- **Problem to solve**
Dropping every picture, set down exactly the lines in the entries below, starting with the line with "Belgique - 1965" and going on through the line with "VidaXL Oldalfalas pavilon".

- **Given information**
----------
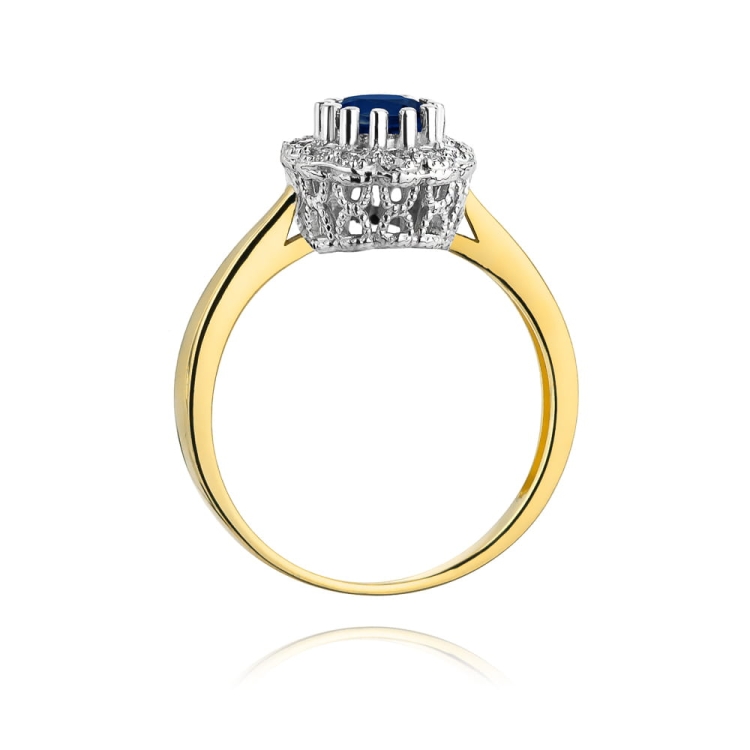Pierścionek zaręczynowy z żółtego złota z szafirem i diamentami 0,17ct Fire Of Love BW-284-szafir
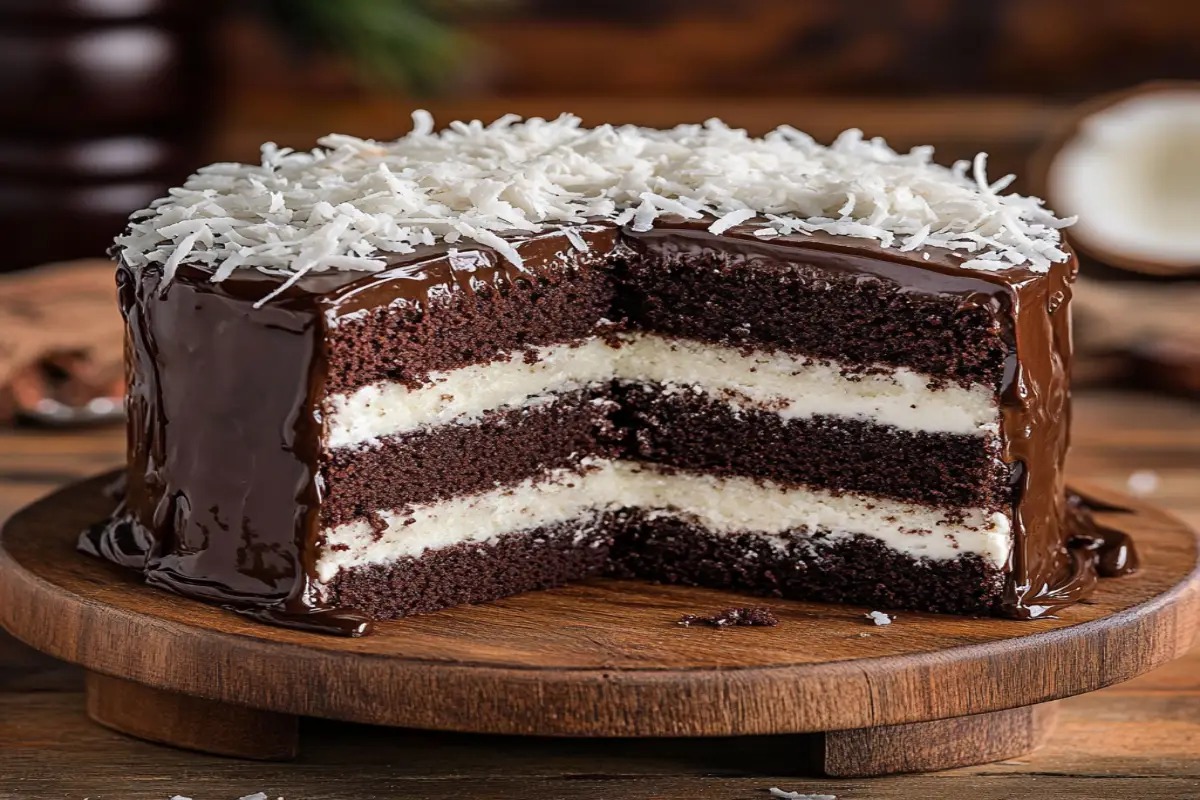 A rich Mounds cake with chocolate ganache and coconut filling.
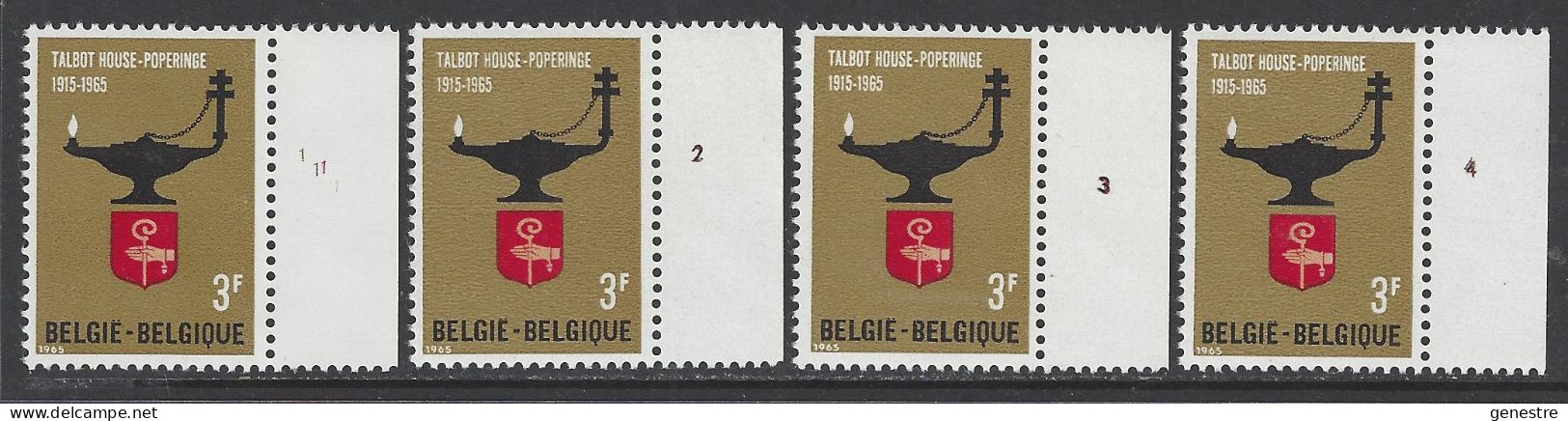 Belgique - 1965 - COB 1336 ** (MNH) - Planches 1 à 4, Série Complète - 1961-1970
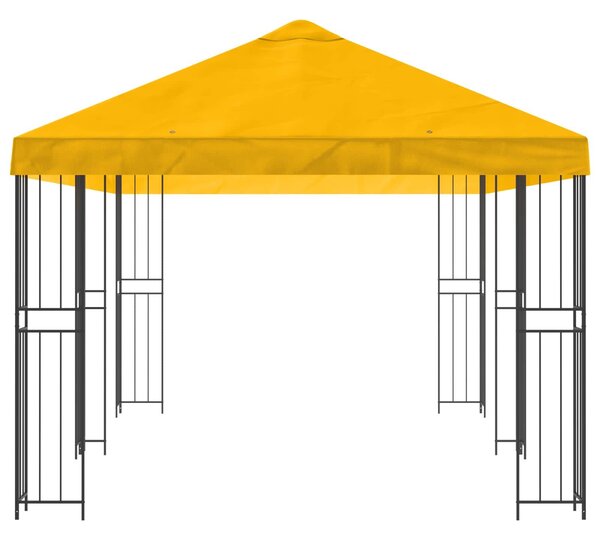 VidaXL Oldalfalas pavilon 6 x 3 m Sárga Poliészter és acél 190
----------
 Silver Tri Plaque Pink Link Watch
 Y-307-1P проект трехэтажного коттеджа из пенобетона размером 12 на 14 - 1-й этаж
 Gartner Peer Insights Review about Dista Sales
----------
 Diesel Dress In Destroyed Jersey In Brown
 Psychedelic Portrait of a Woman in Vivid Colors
----------
- **Output below**
 Belgique - 1965 - COB 1336 ** (MNH) - Planches 1 à 4, Série Complète - 1961-1970
 VidaXL Oldalfalas pavilon 6 x 3 m Sárga Poliészter és acél 190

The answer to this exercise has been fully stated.